Issues with Google OIDC: The OAuth client was not found

[s-ol]

I have SSO working on headscale v0.28.0 and am trying to set up SSO for headplane 0.6.2b5.

Based on the headplane documentation, I'm trying to reuse the existing OIDC credentials created and tested for headscale. Here's the entire oidc config for headscale:

oidc:
  only_start_if_oidc_is_available: true
  issuer: "https://accounts.google.com"
  client_id: "abcdef.apps.googleusercontent.com"
  client_secret_path: "/var/lib/headscale/client_secret.txt"

  extra_params:
    domain_hint: mydomain-a.it

  allowed_domains:
    - mydomain-a.it
    - mydomain-b.it

and here is the headplane oidc config:

oidc:
  issuer: "https://accounts.google.com"
  headscale_api_key: "<redacted>"
  client_id: "abcdef.apps.googleusercontent.com"
  client_secret_path: "/var/lib/headscale/client_secret.txt"
  extra_params:
    domain_hint: mydomain-a.it

When I try to log in via SSO, I see the following request parameters going into Google's OAuth flow:

The login flow continues as expected with the following returned to the headplane callback:

However next I am redirected to a Headplane login error:

Configuration Issue(s)
Authentication with the SSO provider failed. Please try again later. Headplane logs may provide more information.

The container logs:

[auth] ERROR: Got an OIDC response error body: {"error":"invalid_client","error_description":"The OAuth client was not found."}

I've double checked the client_id passed to the Google OAuth flow and it matches the one displayed in the google cloud configuration and is correct in both config files also. The secret is mounted in a volume at the same location in both containers. What else can I check? I don't really understand what could be wrong at this point. Any help diagnosing this would be appreciated :)

[SamuelGaona]

+1

[alastairyu]

Found a workaround, it looks like for google sso, the authentication method that the function negotiateTokenEndpointAuthMethod uses is ClientSecretBasic. For whatever reason this method isn't supported properly in this authentication flow.
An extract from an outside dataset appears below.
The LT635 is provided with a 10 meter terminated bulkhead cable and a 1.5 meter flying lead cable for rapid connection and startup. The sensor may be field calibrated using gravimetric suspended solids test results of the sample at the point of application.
A workaround is to set the param:

oidc:
  token_endpoint_auth_method: "client_secret_post"

which is what openid-client defaults to if you don't set a clientAuthentication function.
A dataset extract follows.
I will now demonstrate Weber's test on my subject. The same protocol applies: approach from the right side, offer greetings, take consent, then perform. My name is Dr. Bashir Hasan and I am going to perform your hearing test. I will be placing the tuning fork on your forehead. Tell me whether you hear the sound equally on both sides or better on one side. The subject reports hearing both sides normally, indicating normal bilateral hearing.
Tested on headscale v0.28.0 and headplane v0.6.2

[s-ol]

Thank you @alastairyu! I can confirm this works for me as well.

[s-ol]

Since this seems to be a bug (either regarding the autodetection of auth method to use, or the implmentation of the ClientSecretBasic method) I opened #493 to track the resolution.

@tale I never used the Github discussions feature before so I'm not sure about etiquette here - should this be closed as "resolved" since there is now an issue that tracks the topic? Or should I leave it open (to give visibility) until the issue is resolved?